Francis Ford Coppola
The first time around, the reaction to Francis Ford Coppola's Apocalypse Now was schizoid, a split between those who found it an endlessly brilliant mind trip and those who thought it obnoxious and self-indulgent, especially in its dubious politics concerning the Vietnam War. The two sides clashed at a fractious New York press junket in Fall 1979, which featured as a sideshow distraction a long-unbathed, totally drug-bonkers Dennis Hopper (he's since cleaned up his act) shouting paranoid things at the air, replicating his insane yippy photojournalist from the movie.

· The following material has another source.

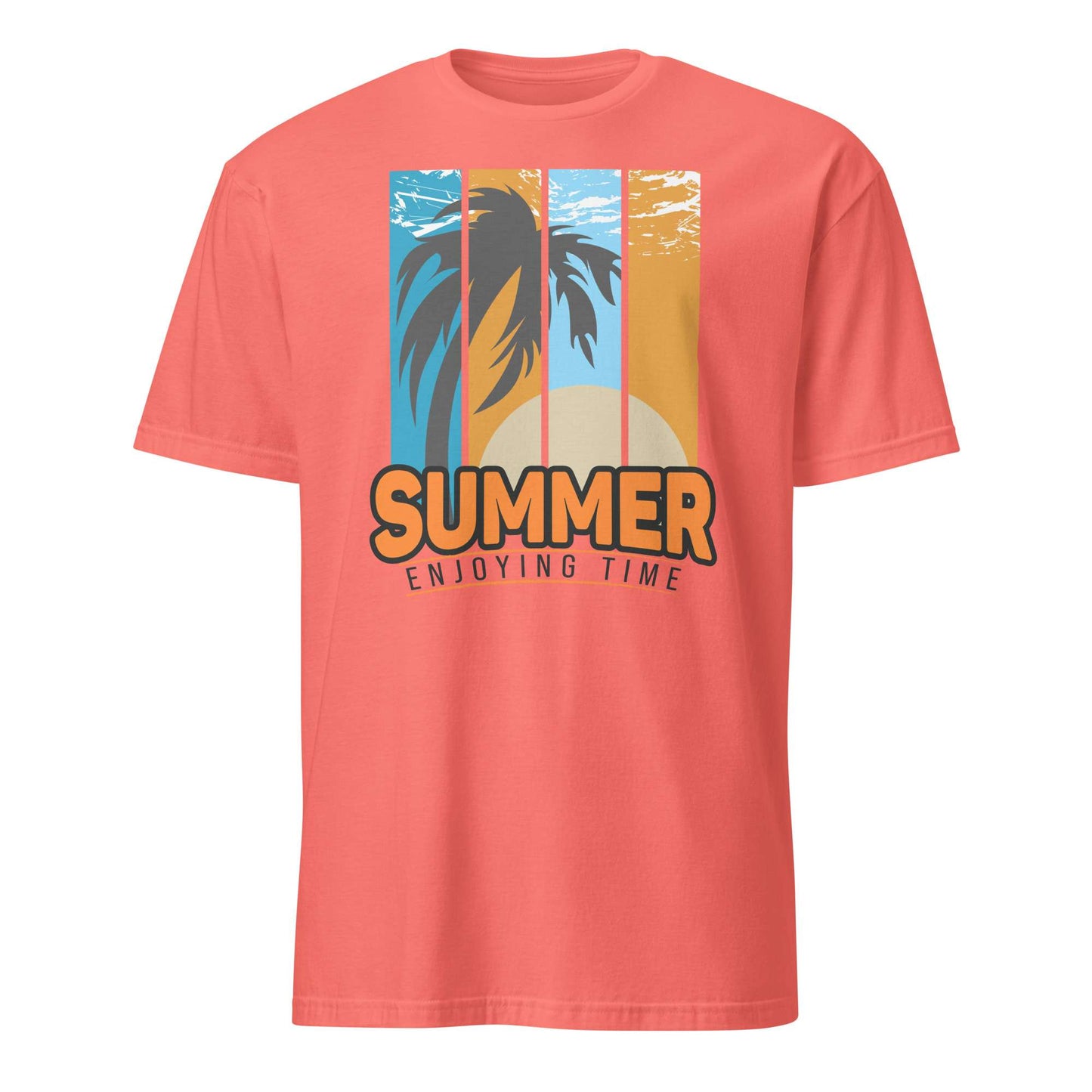 A coral pink short-sleeve t-shirt with a retro graphic on the chest featuring a palm tree, sunset stripes, and the text 'SUMMER ENJOYING TIME'. Buy Summer Enjoying Time Palm Sunset Graphic T-Shirt Casual Wear Online for Sale Shop the Summer Enjoying Time Palm Sunset Graphic T-Shirt, featuring a vibrant tropical design perfect for beach days and warm escapes.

I was at that press junket, and among those miffed by what I felt was Coppola's softness on American involvement in the War, him using the destruction of Vietnam as a backdrop for American military like Martin Sheen's Willard to be hung up and alienated. Poor Willard? Poor Southeast Asia! I got in a brief screaming match with Coppola over his Vietnam versus my Vietnam. But as I told him when we talked during a press luncheon at Cannes 2001, I don't remember exactly what I was so angry about, and I don't what he was so angry about back.

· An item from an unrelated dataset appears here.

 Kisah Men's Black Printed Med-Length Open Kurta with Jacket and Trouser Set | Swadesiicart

"I must have been sort of thin-skinned then," Coppola smiled. This time there was no quarreling. I was among the seemingly hundreds of journalists at Cannes who marveled at how much better we liked the new Apocalypse Now Redux, with its 53 never-before-seen minutes, than the 1979 version, especially with now a historic perspective about western involvement in Vietnam offered in a dinner conversation, when Willard visits a French colonialist plantation.
Staying clear of politics, I asked Coppola to comment on what seemed two filmic inspirations for Apocalypse Now: Skull Island in King Kong (1933) as a source for Kurtz's Cambodian fortress, and the fever-trip down the Amazon in Werner Herzog's Aguirre: the Wrath of God (1972), repeated in Willard's mindbending river sojourn. "I saw King Kong when I was five, and many times after," Coppola replied. "King Kong is in our consciousness and culture. Perhaps it did influence me. Aguirre, with its incredible imagery, was a very strong influence. I'd be remiss if I didn't mention it."
Could Coppola discuss the scene put back in the movie - it was one of the last cut out in 1979 - involving Marlon Brando? Brando's Kurtz approaches his prisoner, Willard, and reads aloud from an article in Time Magazine. In this gung-ho, pro-War essay, an American intelligence officer is quoted telling President Nixon, "Things felt much better, and smelled much better over there." Brando's Kurtz snears at this implication that America is winning the War.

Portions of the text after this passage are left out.